Received: from mail-ig0-f193.google.com ([209.85.213.193]:34723 "EHLO
	mail-ig0-f193.google.com" rhost-flags-OK-OK-OK-OK) by vger.kernel.org
	with ESMTP id S1752752AbbKYQYj (ORCPT
	<rfc822;linux-kernel@vger.kernel.org>);
	Wed, 25 Nov 2015 11:24:39 -0500
MIME-Version: 1.0
In-Reply-To: <5655DB99.3040007@intel.com>
References: <1448372298-28386-1-git-send-email-tianyu.lan@intel.com>
	<1448372298-28386-4-git-send-email-tianyu.lan@intel.com>
	<20151124230551-mutt-send-email-mst@redhat.com>
	<56554994.1090305@intel.com>
	<20151125142437-mutt-send-email-mst@redhat.com>
	<5655DB99.3040007@intel.com>
Date: Wed, 25 Nov 2015 08:24:38 -0800
Message-ID: <CAKgT0UdM5NGOARoiCNvh3Hu0xyvfJ-VoRqDu8bg6RyupSCEYHw@mail.gmail.com>
Subject: Re: [RFC PATCH V2 3/3] Ixgbevf: Add migration support for ixgbevf driver
From: Alexander Duyck <alexander.duyck@gmail.com>
To: "Lan, Tianyu" <tianyu.lan@intel.com>
Cc: "Michael S. Tsirkin" <mst@redhat.com>, a.motakis@virtualopensystems.com,
        Alex Williamson <alex.williamson@redhat.com>,
        b.reynal@virtualopensystems.com, Bjorn Helgaas <bhelgaas@google.com>,
        Carolyn Wyborny <carolyn.wyborny@intel.com>,
        "Skidmore, Donald C" <donald.c.skidmore@intel.com>,
        eddie.dong@intel.com, nrupal.jani@intel.com,
        Alexander Graf <agraf@suse.de>, kvm@vger.kernel.org,
        Paolo Bonzini <pbonzini@redhat.com>, qemu-devel@nongnu.org,
        "Tantilov, Emil S" <emil.s.tantilov@intel.com>,
        Or Gerlitz <gerlitz.or@gmail.com>,
        "Rustad, Mark D" <mark.d.rustad@intel.com>,
        Eric Auger <eric.auger@linaro.org>,
        intel-wired-lan <intel-wired-lan@lists.osuosl.org>,
        Jeff Kirsher <jeffrey.t.kirsher@intel.com>,
        "Brandeburg, Jesse" <jesse.brandeburg@intel.com>,
        "Ronciak, John" <john.ronciak@intel.com>, linux-api@vger.kernel.org,
        "linux-kernel@vger.kernel.org" <linux-kernel@vger.kernel.org>,
        "Vick, Matthew" <matthew.vick@intel.com>,
        Mitch Williams <mitch.a.williams@intel.com>,
        Netdev <netdev@vger.kernel.org>,
        "Nelson, Shannon" <shannon.nelson@intel.com>,
        Wei Yang <weiyang@linux.vnet.ibm.com>, zajec5@gmail.com
Content-Type: text/plain; charset=UTF-8
Sender: linux-kernel-owner@vger.kernel.org
List-ID: <linux-kernel.vger.kernel.org>
X-Mailing-List: linux-kernel@vger.kernel.org

On Wed, Nov 25, 2015 at 8:02 AM, Lan, Tianyu <tianyu.lan@intel.com> wrote:
> On 11/25/2015 8:28 PM, Michael S. Tsirkin wrote:
>>
>> Frankly, I don't really see what this short term hack buys us,
>> and if it goes in, we'll have to maintain it forever.
>>
>
> The framework of how to notify VF about migration status won't be
> changed regardless of stopping VF or not before doing migration.
> We hope to reach agreement on this first. Tracking dirty memory still
> need to more discussions and we will continue working on it. Stop VF may
> help to work around the issue and make tracking easier.
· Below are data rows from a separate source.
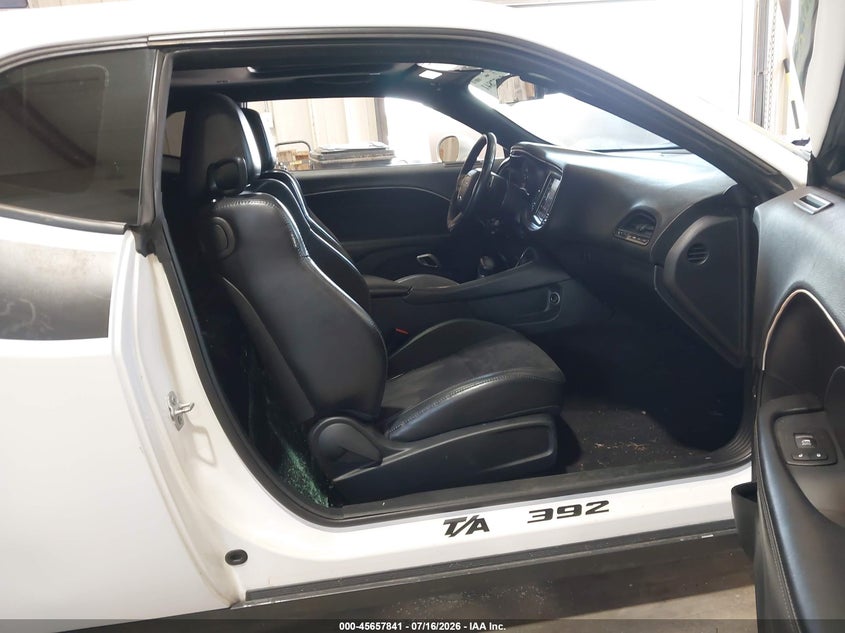 2017 DODGE CHALLENGER auction photo 5
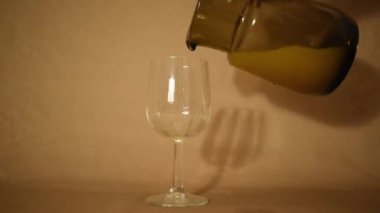 Asma camında sarı lacivert sıvı. 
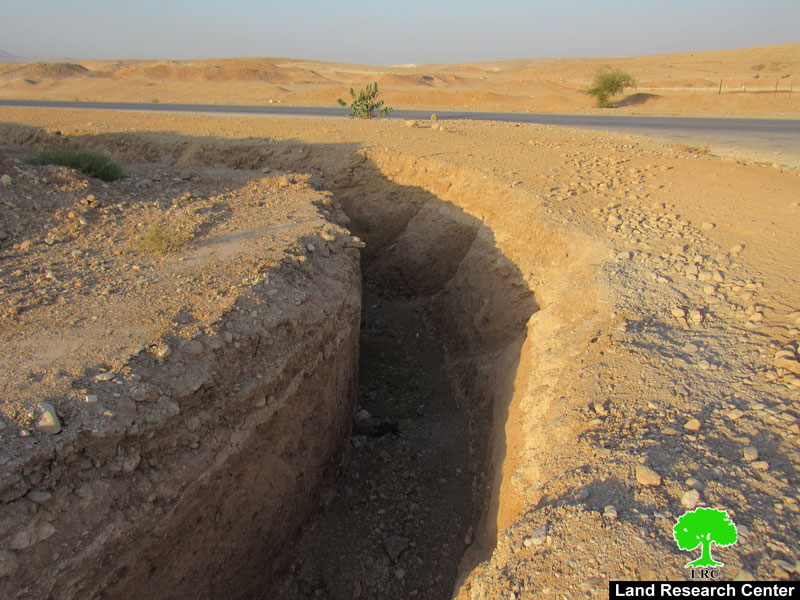 Colonists Dig a Massive Trench in An-Nuwayima / Jericho governorate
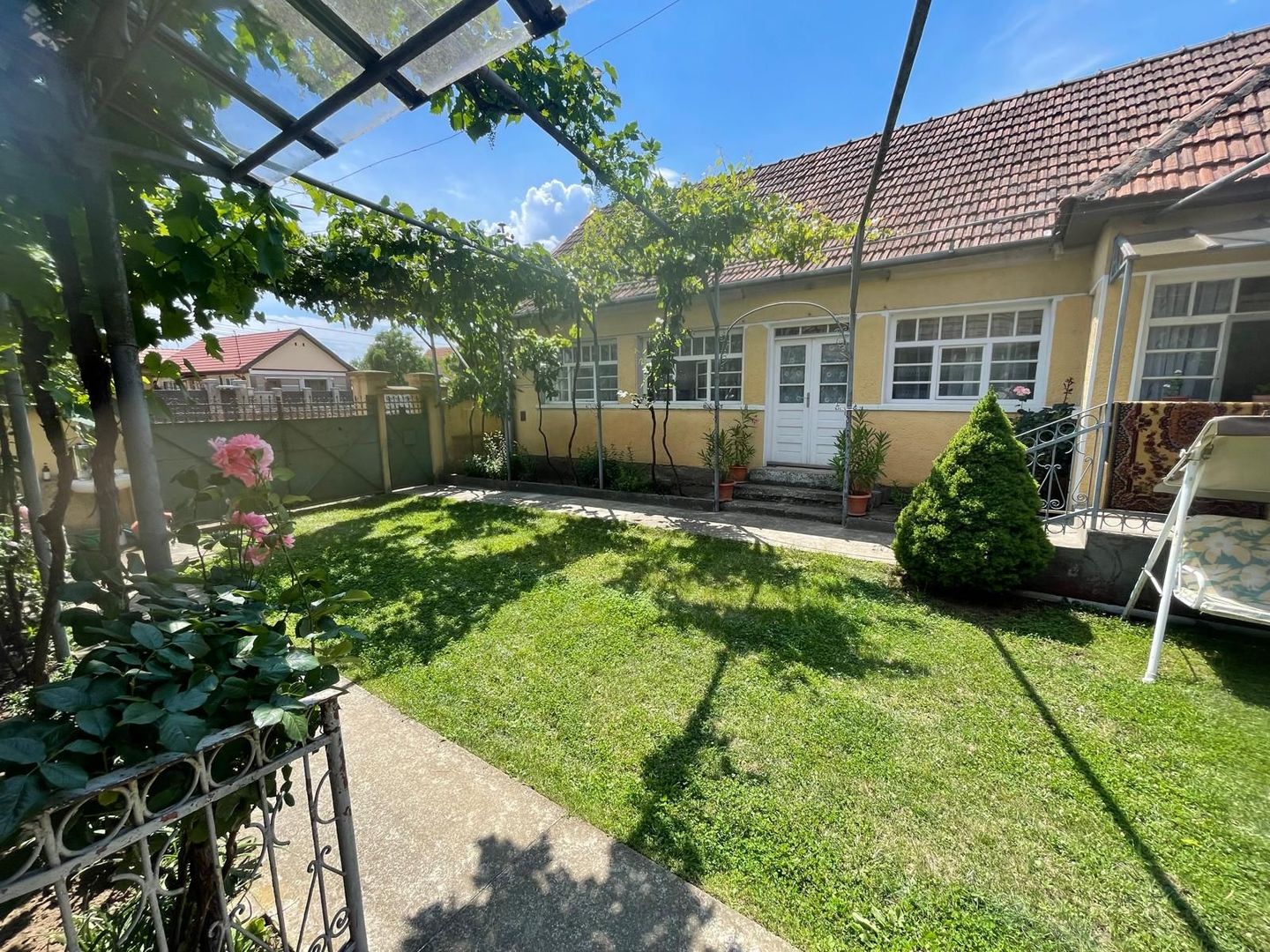 Oază de liniște aproape de Oradea | Casă renovată cu grădină și garaj - Poză 16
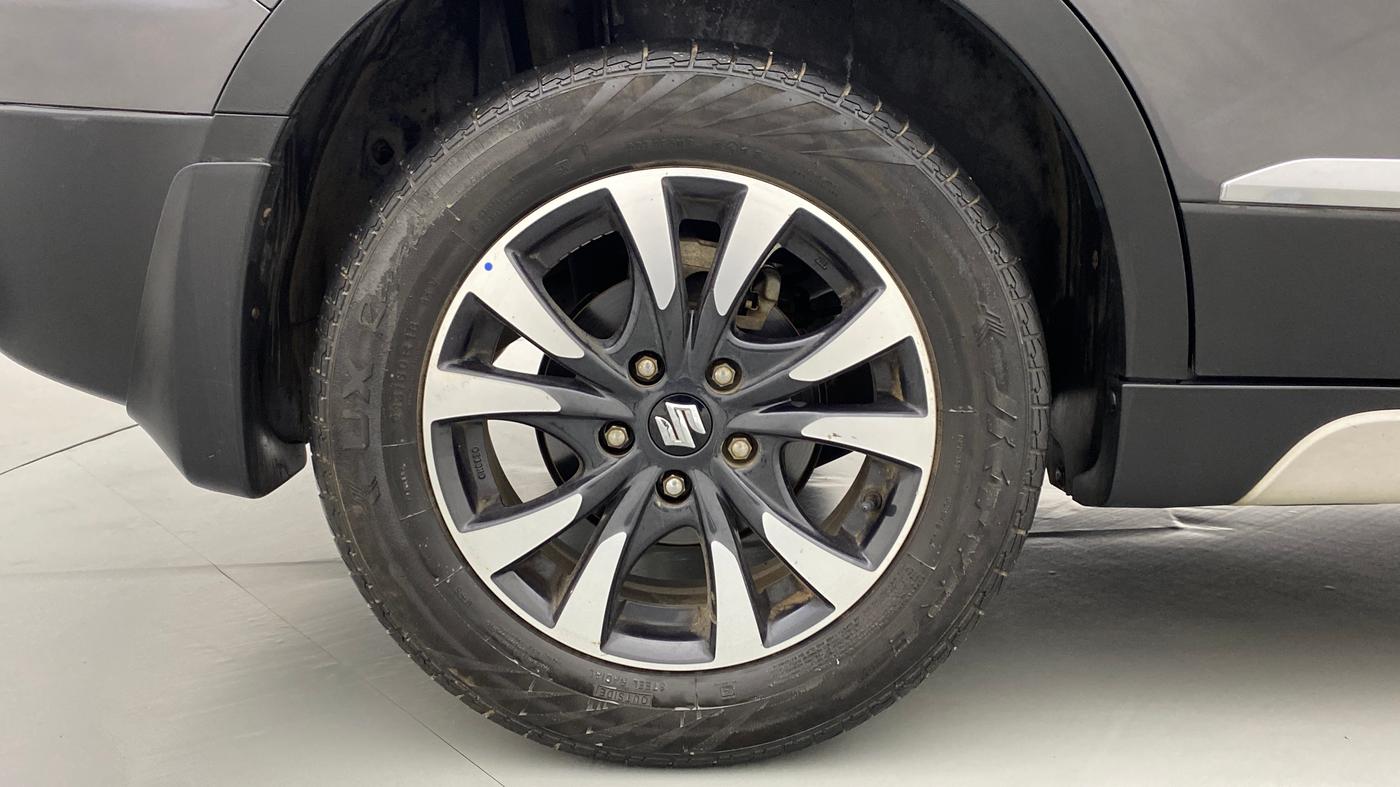 2018 Maruti S Cross DELTA SHVS, Diesel, Manual, 47,732 km, Right Rear Wheel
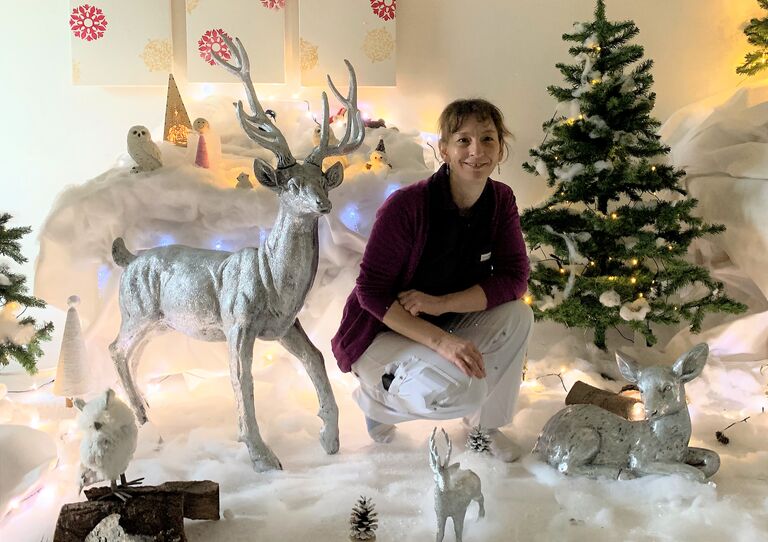 Claudia Kapfenberger inmitten ihrer liebevoll gestalteten Weihnachtswelt.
The problem is you still have to stop the device at some point for the
same reason why you have to halt the VM.  You seem to think you can
get by without doing that but you can't.  All you do is open the
system up to multiple races if you leave the device running.  The goal
should be to avoid stopping the device until the last possible moment,
however it will still have to be stopped eventually.  It isn't as if
you can migrate memory and leave the device doing DMA and expect to
get a clean state.

I agree with Michael.  The focus needs to be on first addressing dirty
page tracking.  Once you have that you could use a variation on the
bonding solution where you postpone the hot-plug event until near the
end of the migration just before you halt the guest instead of having
to do it before you start the migration.  Then after that we could
look at optimizing things further by introducing a variation that you
could further improve on things by introducing a variation of hot-plug
that would pause the device as I suggested instead of removing it.  At
that point you should be able to have almost all of the key issues
addresses so that you could drop the bond interface entirely.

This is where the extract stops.